> [What to work on]:
Using the listing below, set down exactly the lines starting at the line that contains "Garmin Mount with" and ending at the line that contains "Un dormitorio con", both included, and no others.

> [Dataset entries]:
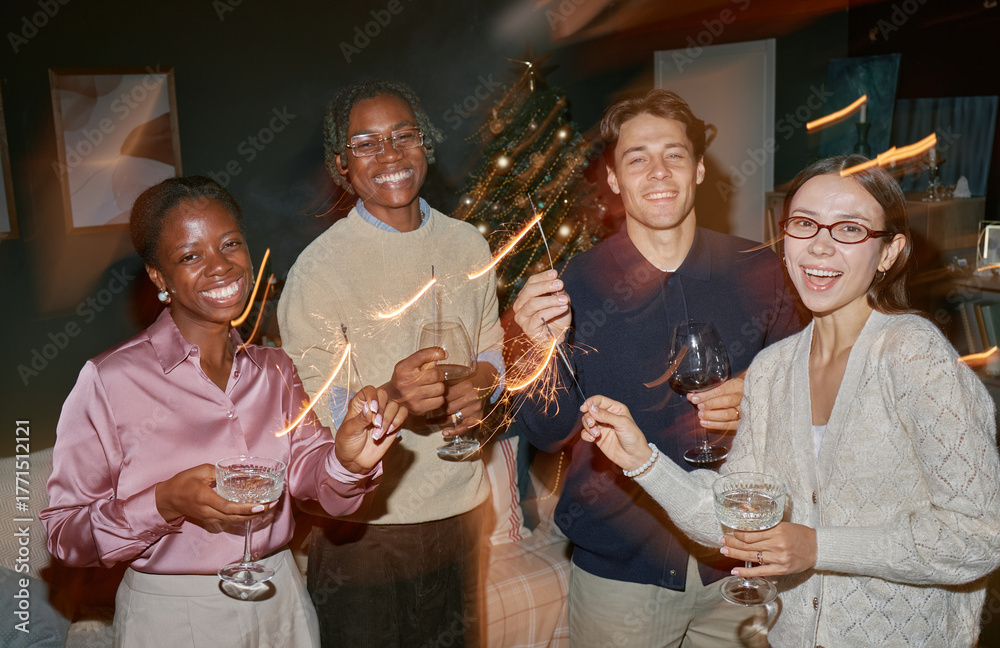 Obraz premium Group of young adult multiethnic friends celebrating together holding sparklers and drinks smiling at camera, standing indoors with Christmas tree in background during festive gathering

* * *

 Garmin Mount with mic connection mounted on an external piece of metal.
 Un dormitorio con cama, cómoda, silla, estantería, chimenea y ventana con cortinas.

* * *

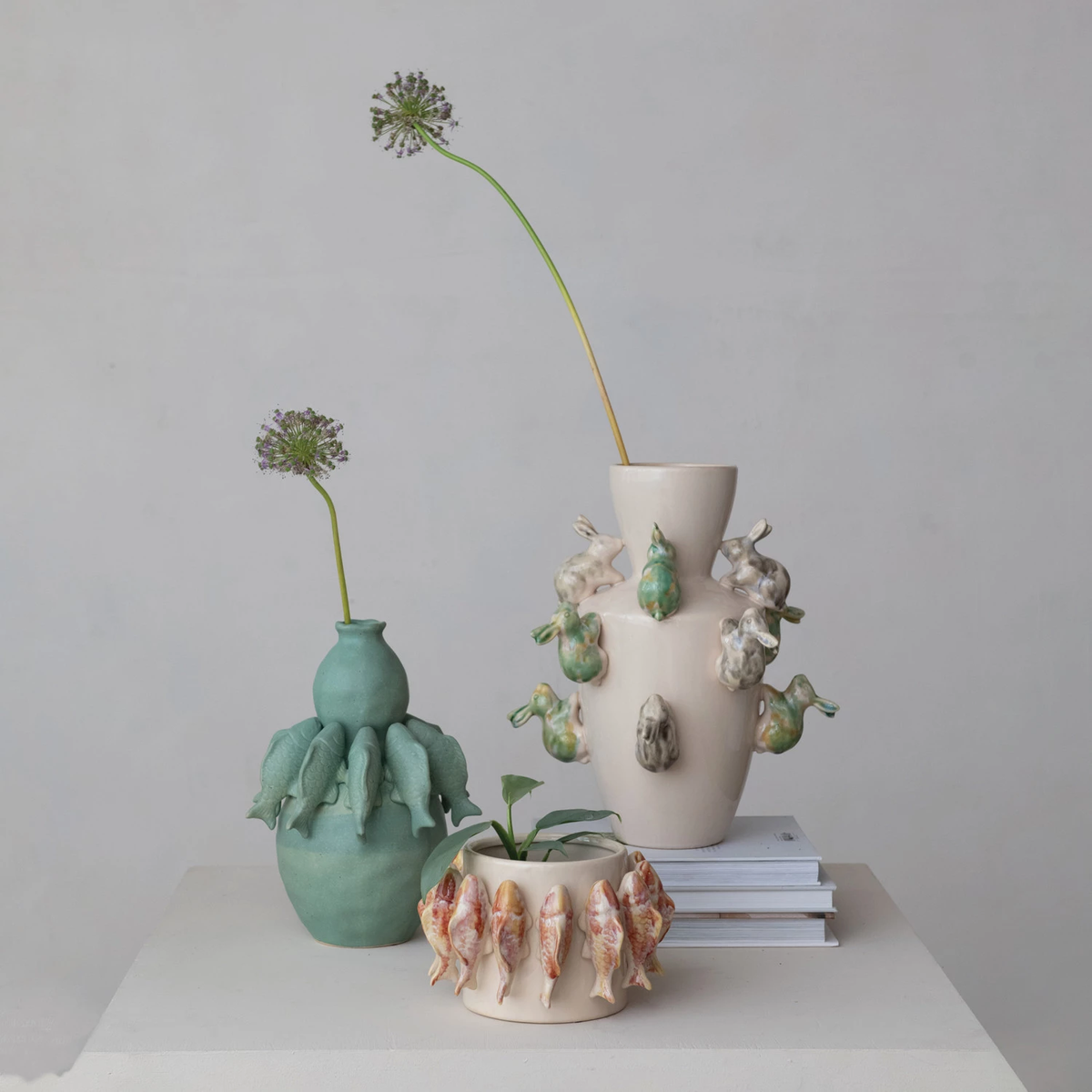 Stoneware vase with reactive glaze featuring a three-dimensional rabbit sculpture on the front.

> [Answer to the problem]:
 Garmin Mount with mic connection mounted on an external piece of metal.
 Un dormitorio con cama, cómoda, silla, estantería, chimenea y ventana con cortinas.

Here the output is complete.